The other people:  [They really did say this] Well, I’m not so sure about that.

Me: [I did say this] Well, then can you explain why we have Article V of the Constitution if Congress can do whatever sounds good? Don’t you think it makes sense to have a formal and somewhat democratic process, in a government for the people and by the people, to amend the governing documents? How’s that different from expecting my HOA officers to follow the covenants and get 60% homeowner approval before amending our HOA covenants?

The Living Constitution

In this post on the blog Marginal Revolution, Alex Tabborak cleverly points out that progressive argument that the Constitution is a living document collapses on itself when making the argument that it’s okay not to follow the Constitution since it evolved (i.e. we started ignoring it) around the time of the New Deal.

Because, if it’s true that the Constitution is a living document in the sense that progressives think it is, then what was good during the New Deal may not be good now.  The Constitution lives after all.

I posted this comment on Marginal Revolution:

I agree that the Constitution is a living document. But it gets its life from Article V – Amendment, that way it evolves with a democratic process, not necessarily with language, ideologies and power grabs.

I have yet to hear a compelling argument for why we would want to the Constitution to evolve outside of the process laid out in Article V.

“My job is to apply the law.”

This post continues the thread about the Constitution and the idea of better understanding the intended role of judges and the judicial branch of government.

Thomas Sowell writing about Supreme Court Justice Oliver Wendell Holmes in Dismantling America (p. 286):

Holmes understood that a Supreme Court justice was not there to favor some people or even to prescribe what was best for society.  He had a very clear sense of what the role of a judge was — and wasn’t.

Justice Holmes saw his job to be “to see that the game is played according to the rules whether I like them or not.”

That was because the law existed for the citizens, not for lawyers and judges, and the citizens had to know what the rules were, in order to obey them.

Legislators existed to change the law.

Holmes wrote that he did not “think it desirable that the judges should undertake to renovate the law.”  If the law needed changing, that was what the democratic process was for.  Indeed, that was what the separation of powers in legislative, executive and judicial branches by the Constitution of the United States was for.

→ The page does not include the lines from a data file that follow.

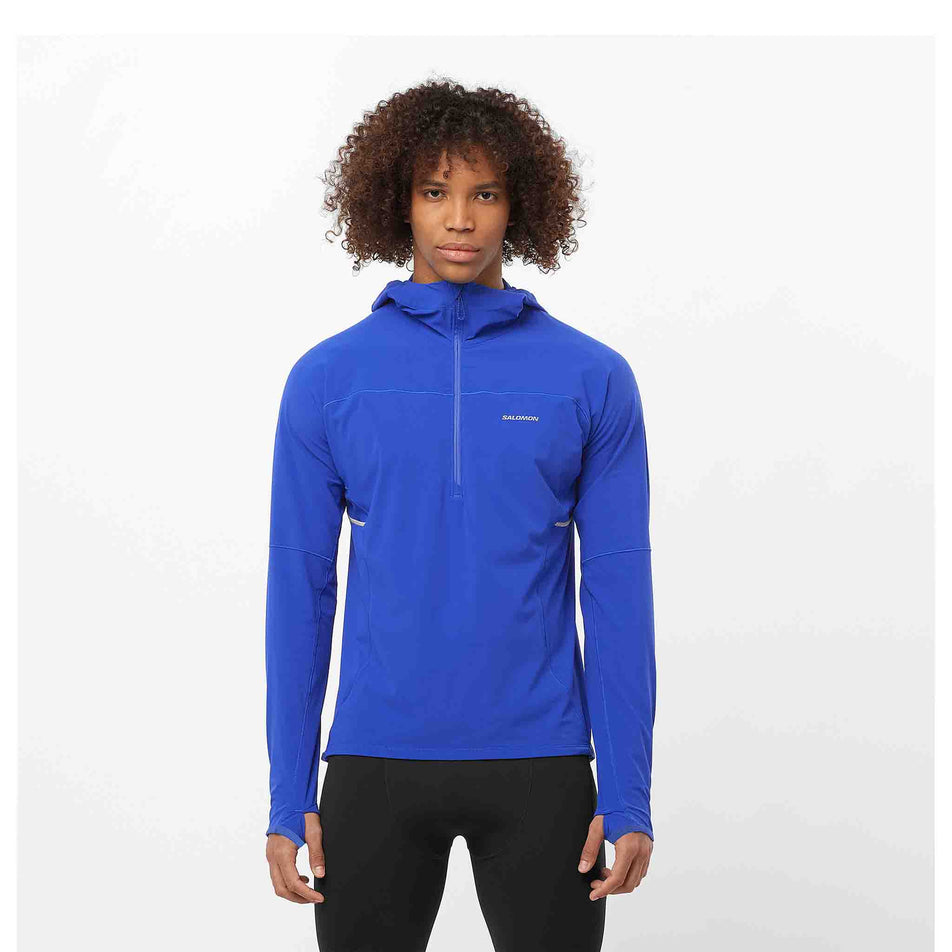 Front view of a model wearing a Salomon Men's Sense Aero Hybrid Midlayer Jacket with hood in the Surf The Web colourway. Model is also wearing legwear.  (8464251617442)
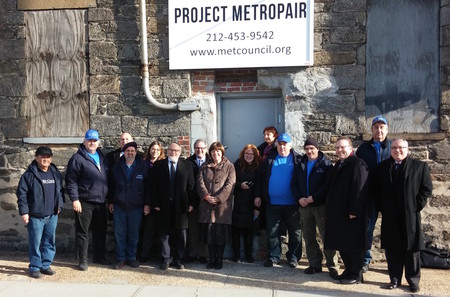 Metropair repairmen and management are pictured at the opening of its warehouse earlier this year.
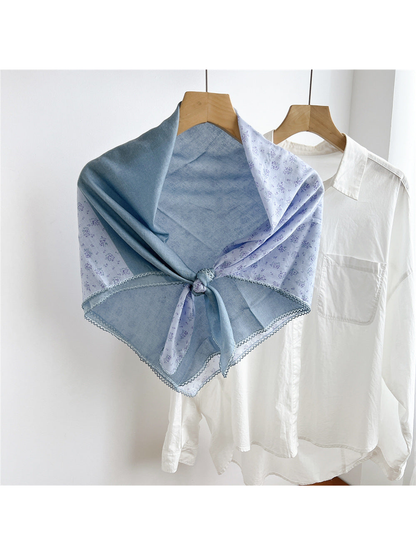 Light Blue two-tone floral scarf tied on a hanger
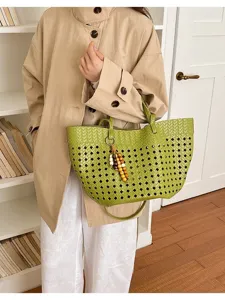 Green woven tote bag detail showing perforated texture, stylish shoulder strap and cute wooden bead charm.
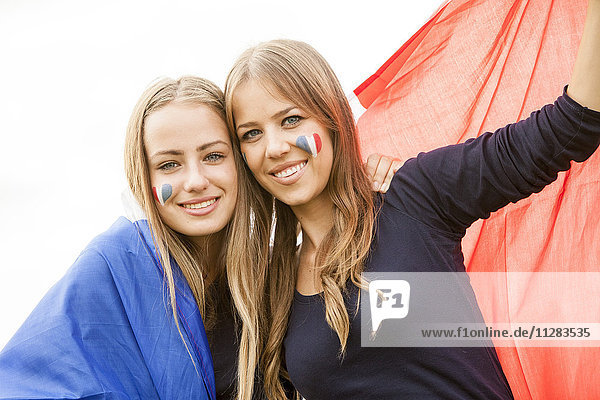 Zwei junge Frauen halten die französische Flagge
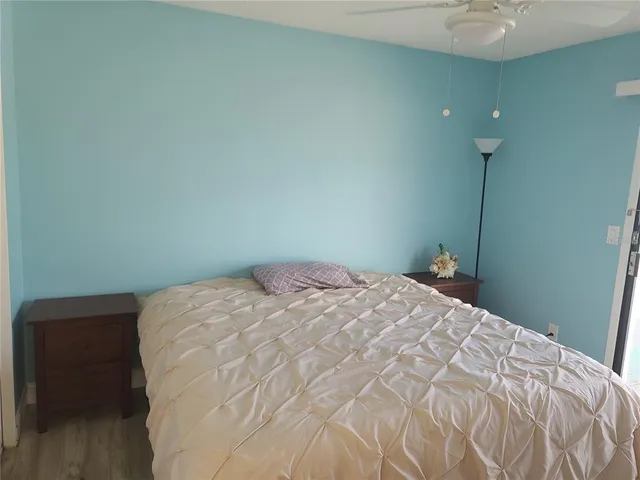 a bedroom with a bed and a chandelier fan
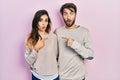 Young hispanic couple wearing casual clothes surprised pointing with finger to the side, open mouth amazed expression Royalty Free Stock Photo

Another judge said to Holmes while riding in a carriage: “Do justice, sir.  Do justice.”

Holmes had the carriage stopped.  “That is not my job,” he said.  “My job is to apply the law.”

Wise words.

I should have failed civics

When I hear my local “fiscal conservative/social liberal” drive-time radio talk show hosts espouse the belief that the Constitution is malleable and left to be interpreted by the Supreme Court “for the times” and that the meaning of the Constitution changes with precedents set in Supreme Court decisions, I know we messed up somewhere.

It’s true that a lot people believe that. It’s also true that some Supreme Court Justices believe that (while others have not), as well as some constitutional scholars (while others have not) and many people who have served in government.

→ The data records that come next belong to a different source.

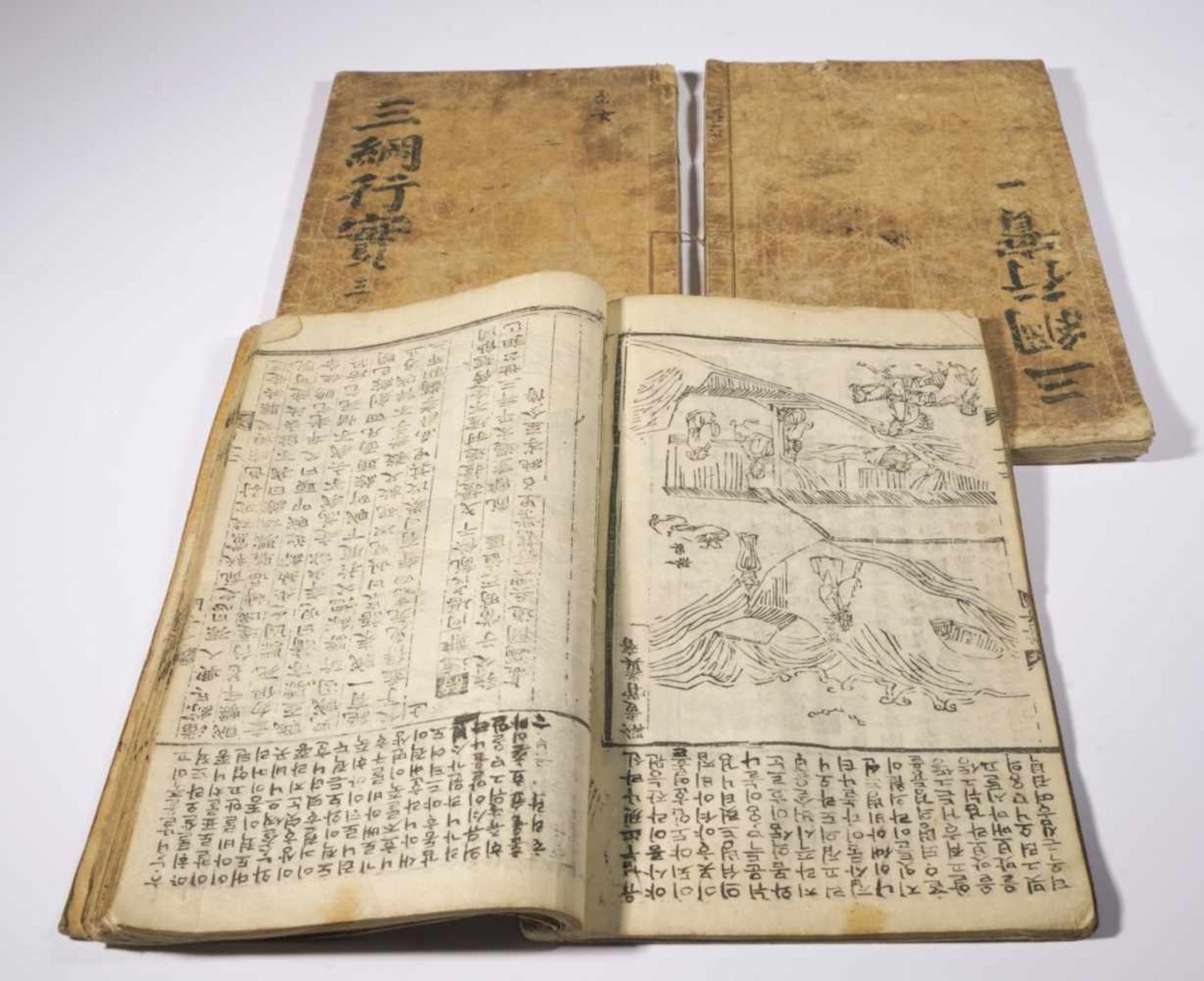 Three Korean (?) books with many illustrations, probably 19th c., each ca. 37 x 22 cm,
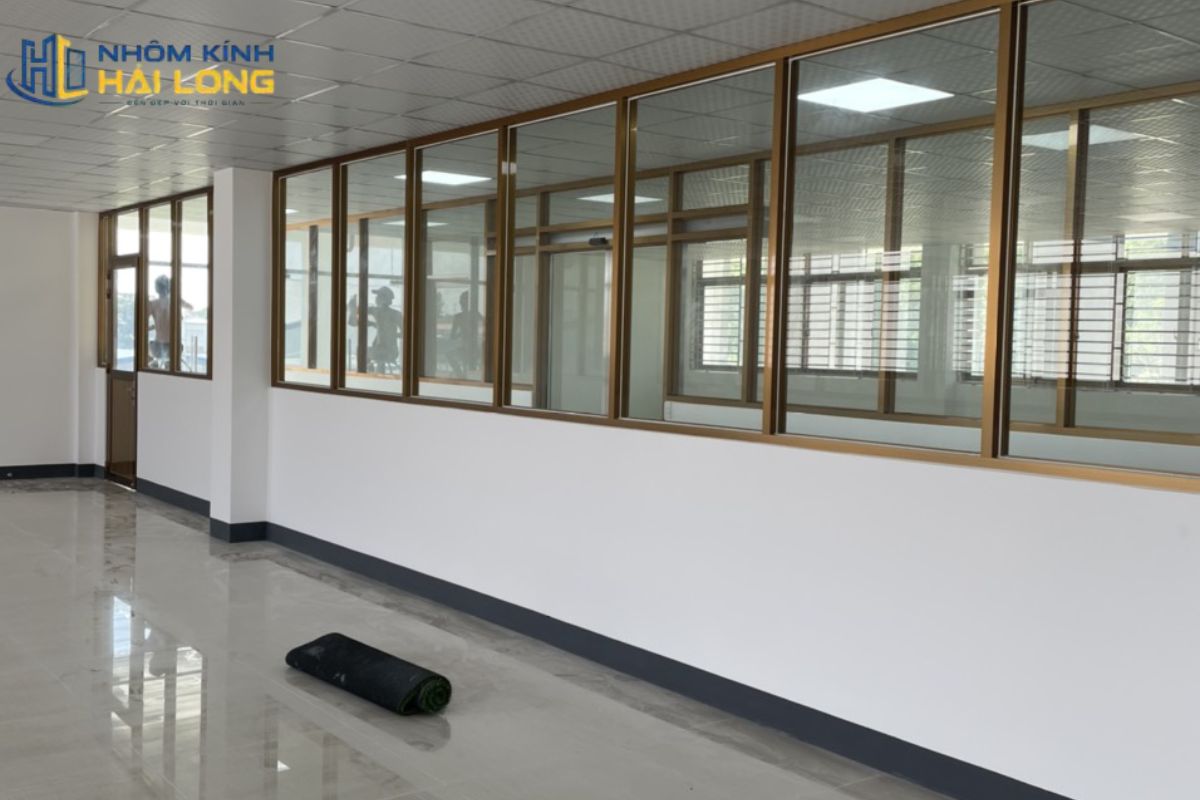 Vách kính khung nhôm hệ 1000 kết hợp lá nhôm có phần dưới che kín, phần kính phía trên lấy sáng, giúp tăng riêng tư và hạn chế va chạm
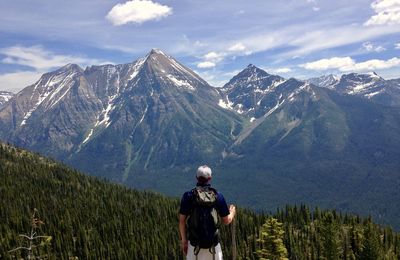 Rear view of man standing on mountain against sky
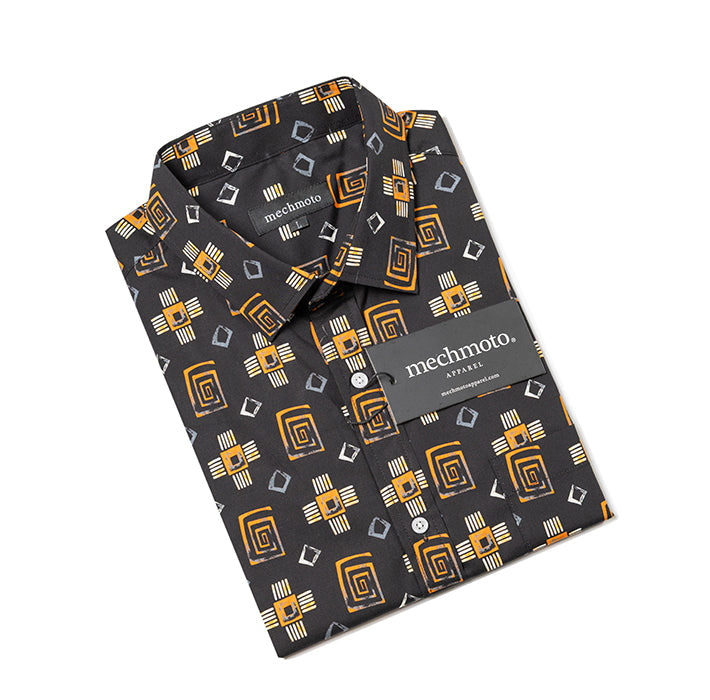 A folded Mechimoto Aztec dress shirt with a black base and a geometric pattern in mustard yellow, white, and gray, shown on a clean white background.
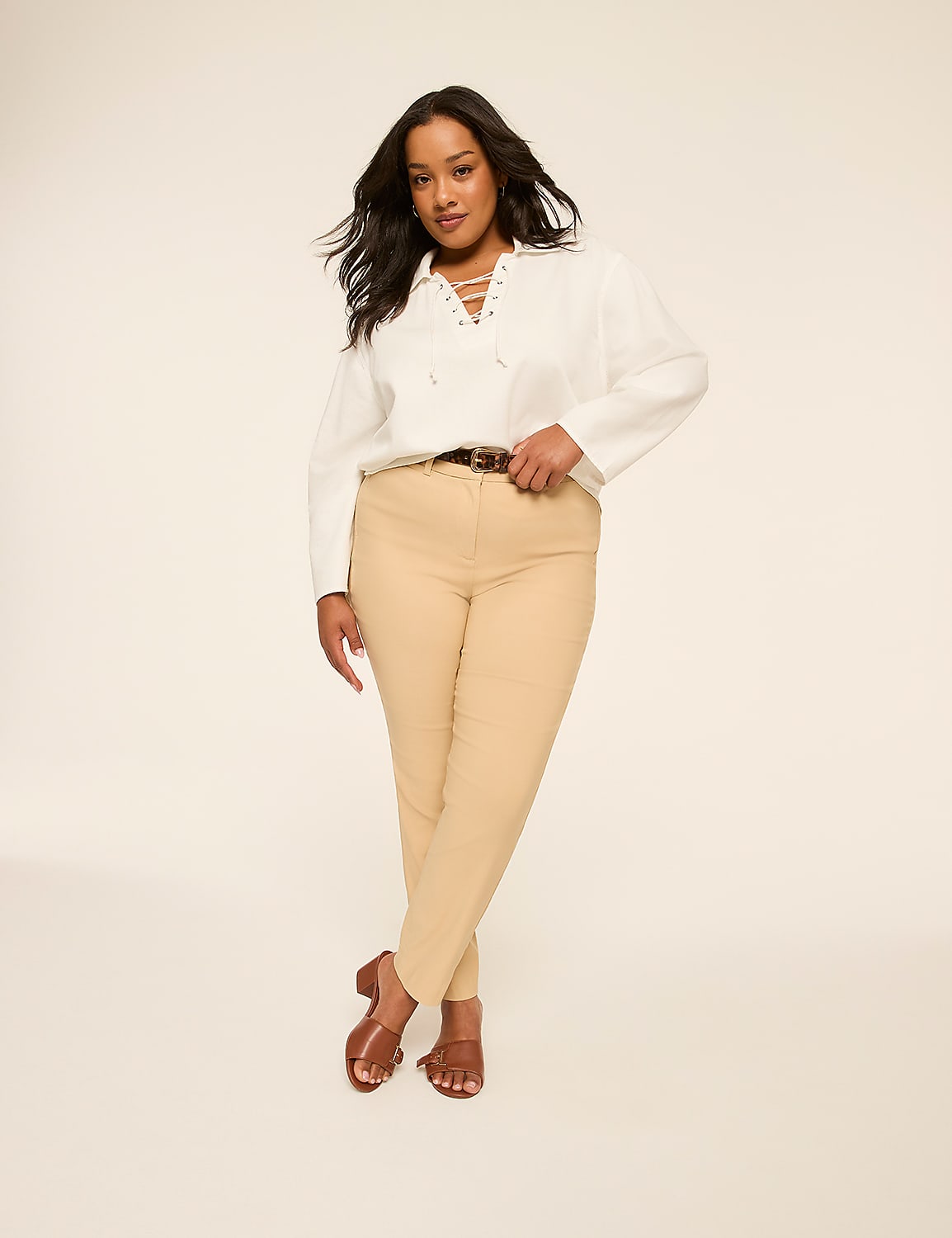 A woman in a white lace-up top and tan pants stands against a plain, light background. Product Image 7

But, no matter how esteemed those are who believe it, the belief itself does not make it true. In order to prove their belief correct, they would need to produce evidence. Evidence would be specific passages from the Federalists papers or passages from the writings by the authors of the Constitution.

I agreed with the drive time radio hosts long ago in my life and I earned an A in my high school civics class.

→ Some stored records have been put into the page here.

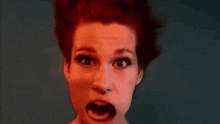 a woman with red hair is making a surprised face with her mouth open
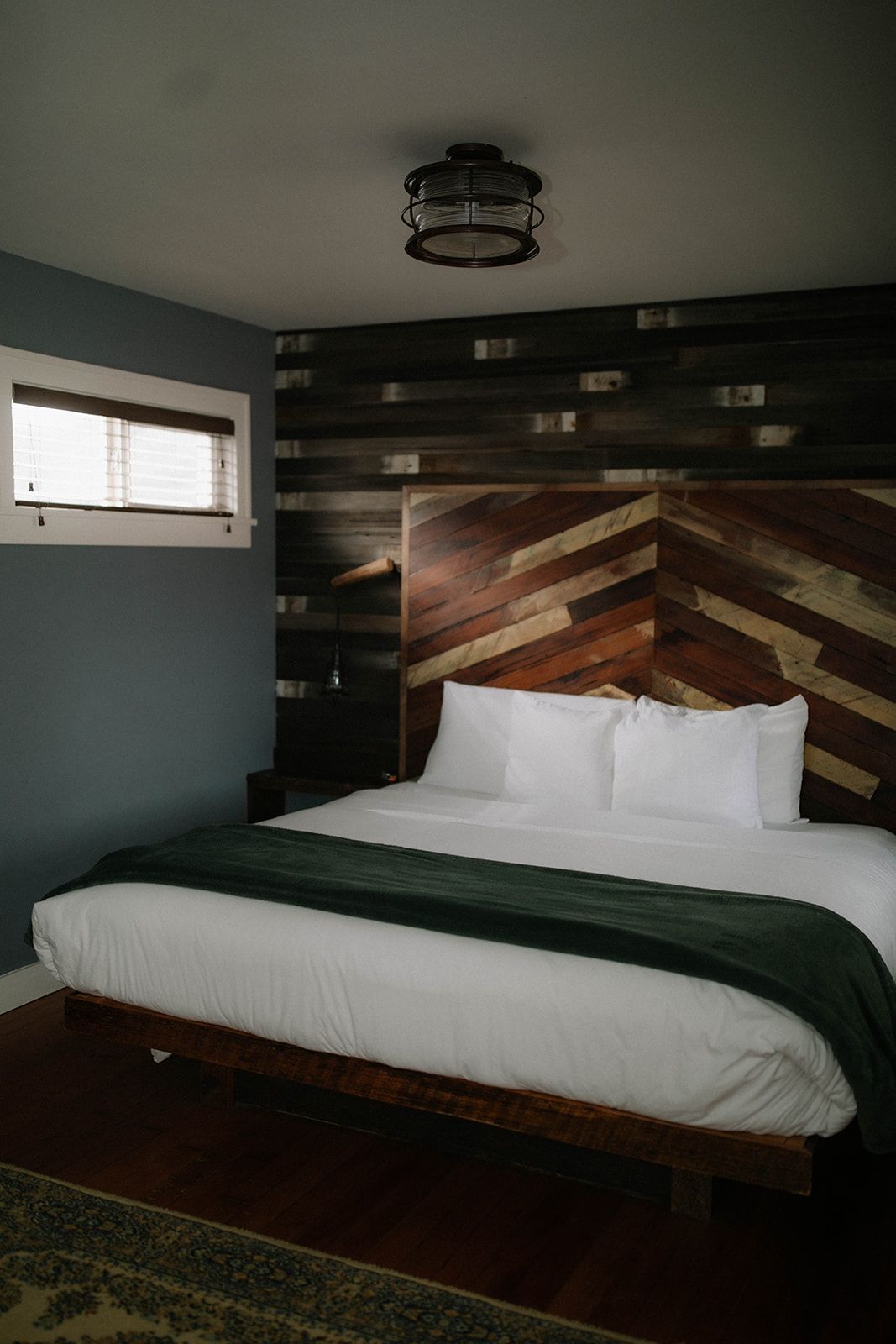 A bedroom with a large bed and a wooden headboard.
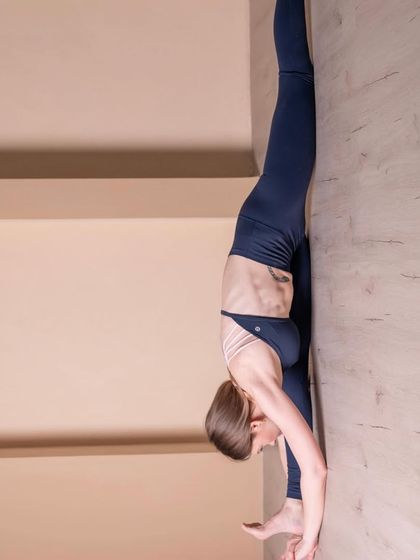 Using a wall to deepen the stretch in a standing split variation. Props can be incredibly helpful for exploring your range of motion safely and building the flexibility needed for more advanced poses.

But, on further reflection, that belief doesn’t make much sense.

Why separate government power into three branches — executive, law making (congress) and law enforcing (courts), but also give the law enforcing branch (courts) the power to make law (which is the power reserved for Congress)?

That’s the result of allowing courts to broadly “interpret the Constitution for times”.  That doesn’t sound like a power separation to me.

This makes even less sense when you consider the authors of the Constitution put a specific representative process in place to amend the Constitution if need be: Article V: Amendment.

I recommend for anyone who agrees with my local drive time hosts to read this week’s column from Walter Williams, What Our Constitution Permits.  Here’s an excerpt (emphasis added).

You might think, for example, that there’s constitutional authority for Congress to spend for highway construction and bridges. President James Madison on March 3, 1817 vetoed a public works bill saying: “Having considered the bill this day presented to me entitled ‘An act to set apart and pledge certain funds for internal improvements,’ and which sets apart and pledges funds ‘for constructing roads and canals, and improving the navigation of water courses, in order to facilitate, promote, and give security to internal commerce among the several States, and to render more easy and less expensive the means and provisions for the common defense,’ I am constrained by the insuperable difficulty I feel in reconciling the bill with the Constitution of the United States and to return it with that objection to the House of Representatives, in which it originated.”

Madison, who is sometimes referred to as the father of our Constitution, added to his veto statement, “The legislative powers vested in Congress are specified and enumerated in the eighth section of the first article of the Constitution, and it does not appear that the power proposed to be exercised by the bill is among the enumerated powers.”

Here’s my question to any member of the House who might vote for funds for “constructing roads and canals, and improving the navigation of water courses”: Was Madison just plain constitutionally ignorant or has the Constitution been amended to permit such spending?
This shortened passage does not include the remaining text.